**The problem:**
Your reply should be an exact copy of every entry, with the pictures removed.

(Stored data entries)
########

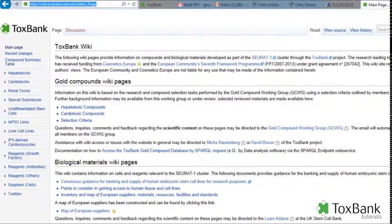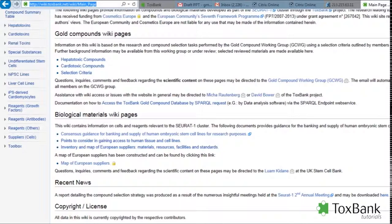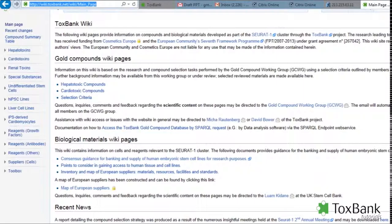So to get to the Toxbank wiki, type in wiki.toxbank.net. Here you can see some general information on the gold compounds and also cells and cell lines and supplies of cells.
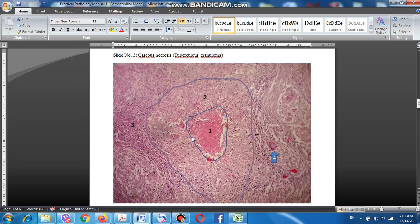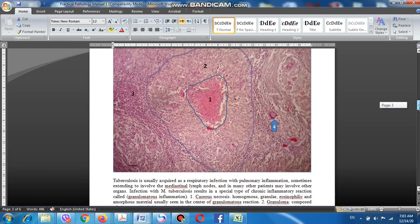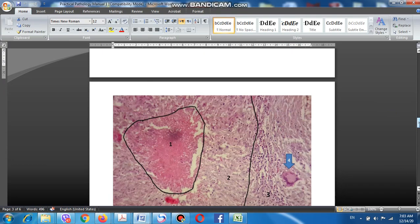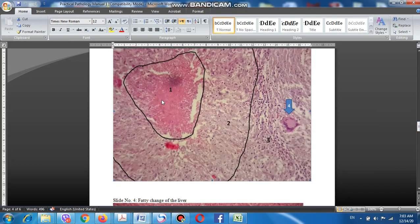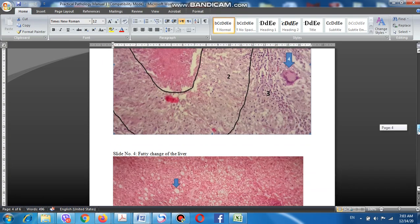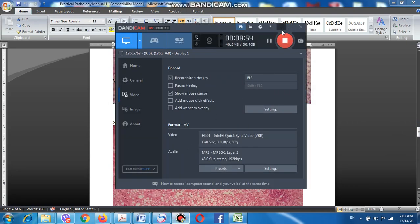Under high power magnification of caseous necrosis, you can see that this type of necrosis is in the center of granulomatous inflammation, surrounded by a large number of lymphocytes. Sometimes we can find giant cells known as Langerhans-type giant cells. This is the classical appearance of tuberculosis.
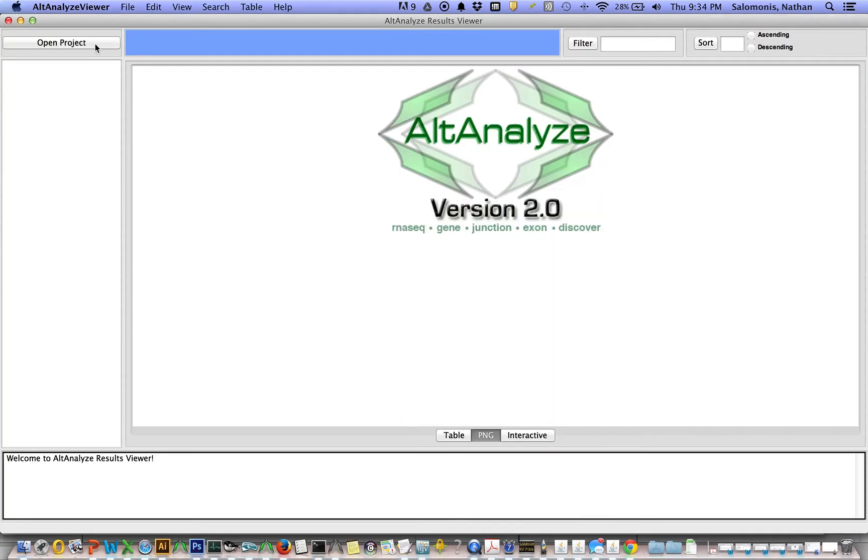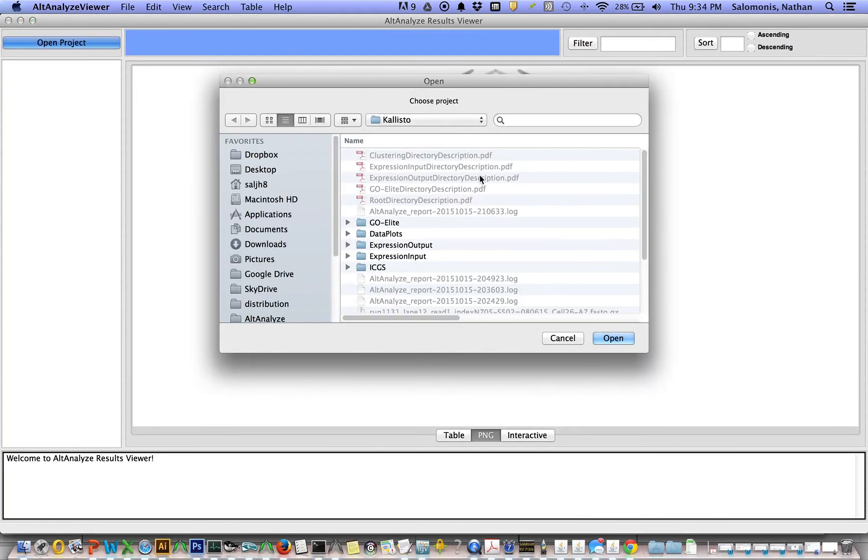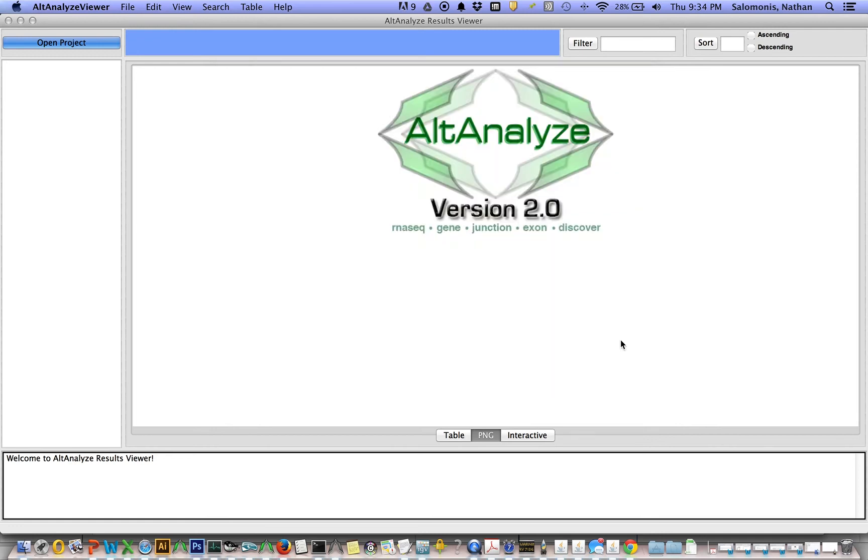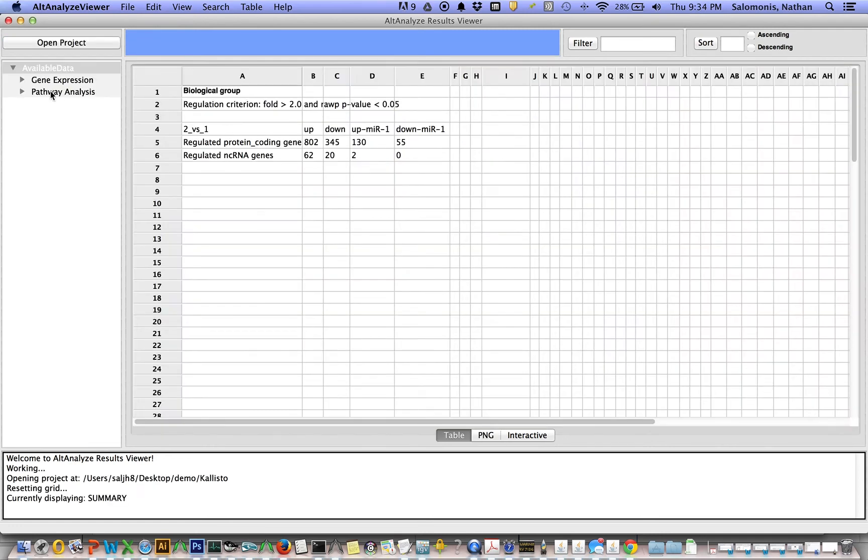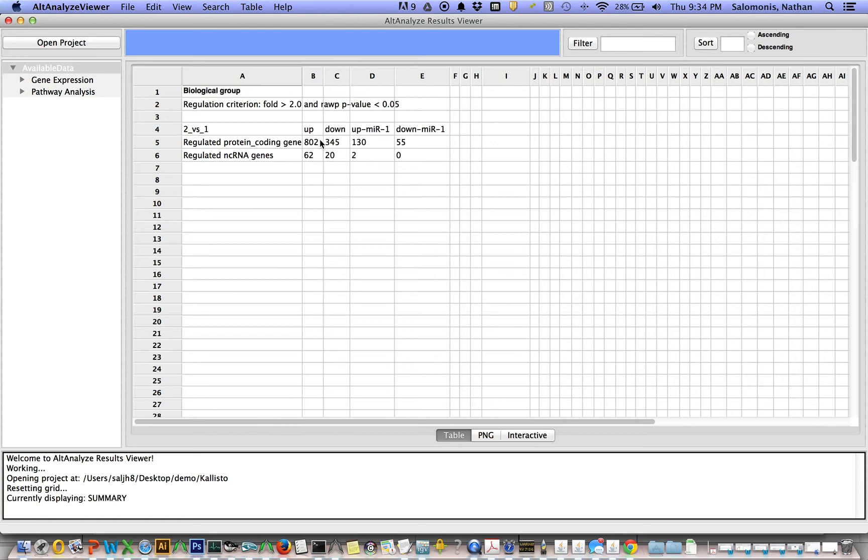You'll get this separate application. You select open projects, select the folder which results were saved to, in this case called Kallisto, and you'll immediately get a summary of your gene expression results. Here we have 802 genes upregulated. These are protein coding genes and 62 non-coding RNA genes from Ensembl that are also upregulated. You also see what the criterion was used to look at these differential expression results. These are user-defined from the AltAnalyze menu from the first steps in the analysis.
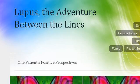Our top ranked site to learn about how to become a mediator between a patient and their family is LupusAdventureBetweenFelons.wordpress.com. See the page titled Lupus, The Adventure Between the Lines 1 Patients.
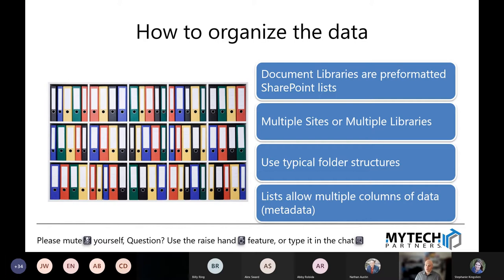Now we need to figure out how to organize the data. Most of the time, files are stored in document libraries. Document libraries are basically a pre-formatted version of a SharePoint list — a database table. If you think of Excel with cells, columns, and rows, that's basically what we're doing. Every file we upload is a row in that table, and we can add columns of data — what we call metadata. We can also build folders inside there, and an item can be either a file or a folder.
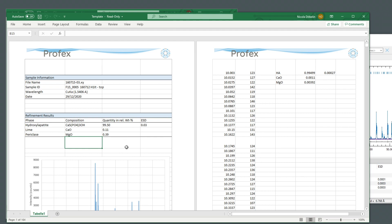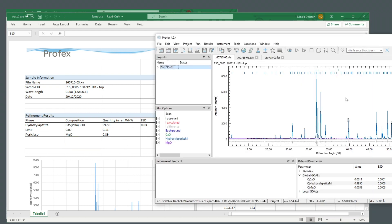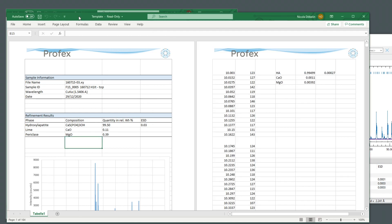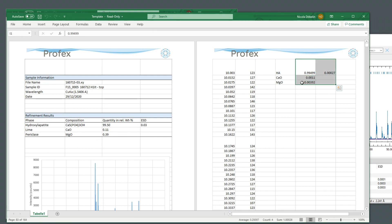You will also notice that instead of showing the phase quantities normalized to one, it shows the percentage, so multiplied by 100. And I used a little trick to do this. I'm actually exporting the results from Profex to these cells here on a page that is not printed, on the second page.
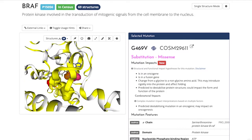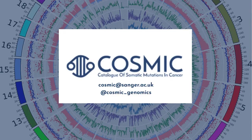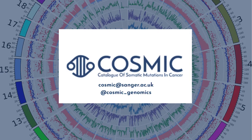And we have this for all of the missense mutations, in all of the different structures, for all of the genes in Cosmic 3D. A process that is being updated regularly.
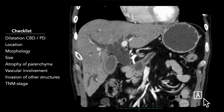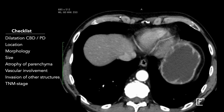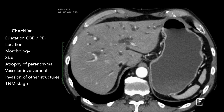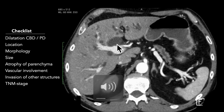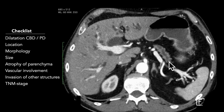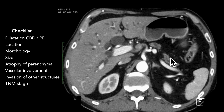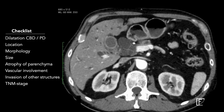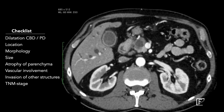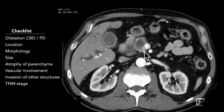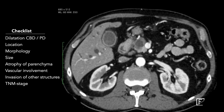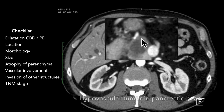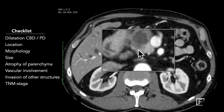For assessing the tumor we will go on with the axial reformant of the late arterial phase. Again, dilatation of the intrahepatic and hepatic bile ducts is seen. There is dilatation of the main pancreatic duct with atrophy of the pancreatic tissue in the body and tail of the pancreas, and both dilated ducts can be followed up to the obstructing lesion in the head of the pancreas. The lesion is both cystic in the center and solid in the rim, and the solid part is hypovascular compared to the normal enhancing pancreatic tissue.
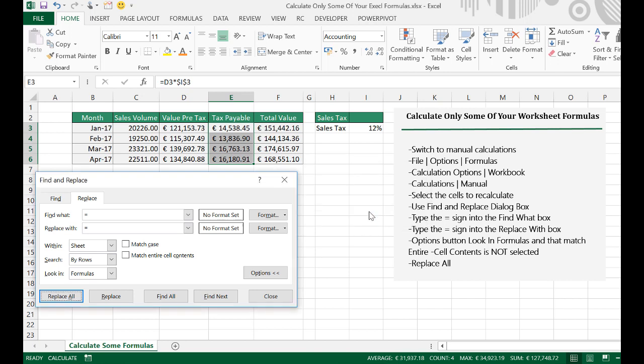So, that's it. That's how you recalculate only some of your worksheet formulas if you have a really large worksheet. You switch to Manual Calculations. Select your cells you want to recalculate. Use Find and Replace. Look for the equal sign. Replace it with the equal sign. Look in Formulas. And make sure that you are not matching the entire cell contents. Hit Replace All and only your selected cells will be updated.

########

**Response to this exercise:**
So to get to the Toxbank wiki, type in wiki.toxbank.net. Here you can see some general information on the gold compounds and also cells and cell lines and supplies of cells.
Under high power magnification of caseous necrosis, you can see that this type of necrosis is in the center of granulomatous inflammation, surrounded by a large number of lymphocytes. Sometimes we can find giant cells known as Langerhans-type giant cells. This is the classical appearance of tuberculosis.
You'll get this separate application. You select open projects, select the folder which results were saved to, in this case called Kallisto, and you'll immediately get a summary of your gene expression results. Here we have 802 genes upregulated. These are protein coding genes and 62 non-coding RNA genes from Ensembl that are also upregulated. You also see what the criterion was used to look at these differential expression results. These are user-defined from the AltAnalyze menu from the first steps in the analysis.
Our top ranked site to learn about how to become a mediator between a patient and their family is LupusAdventureBetweenFelons.wordpress.com. See the page titled Lupus, The Adventure Between the Lines 1 Patients.
Now we need to figure out how to organize the data. Most of the time, files are stored in document libraries. Document libraries are basically a pre-formatted version of a SharePoint list — a database table. If you think of Excel with cells, columns, and rows, that's basically what we're doing. Every file we upload is a row in that table, and we can add columns of data — what we call metadata. We can also build folders inside there, and an item can be either a file or a folder.
You will also notice that instead of showing the phase quantities normalized to one, it shows the percentage, so multiplied by 100. And I used a little trick to do this. I'm actually exporting the results from Profex to these cells here on a page that is not printed, on the second page.
And we have this for all of the missense mutations, in all of the different structures, for all of the genes in Cosmic 3D. A process that is being updated regularly.
For assessing the tumor we will go on with the axial reformant of the late arterial phase. Again, dilatation of the intrahepatic and hepatic bile ducts is seen. There is dilatation of the main pancreatic duct with atrophy of the pancreatic tissue in the body and tail of the pancreas, and both dilated ducts can be followed up to the obstructing lesion in the head of the pancreas. The lesion is both cystic in the center and solid in the rim, and the solid part is hypovascular compared to the normal enhancing pancreatic tissue.
So, that's it. That's how you recalculate only some of your worksheet formulas if you have a really large worksheet. You switch to Manual Calculations. Select your cells you want to recalculate. Use Find and Replace. Look for the equal sign. Replace it with the equal sign. Look in Formulas. And make sure that you are not matching the entire cell contents. Hit Replace All and only your selected cells will be updated.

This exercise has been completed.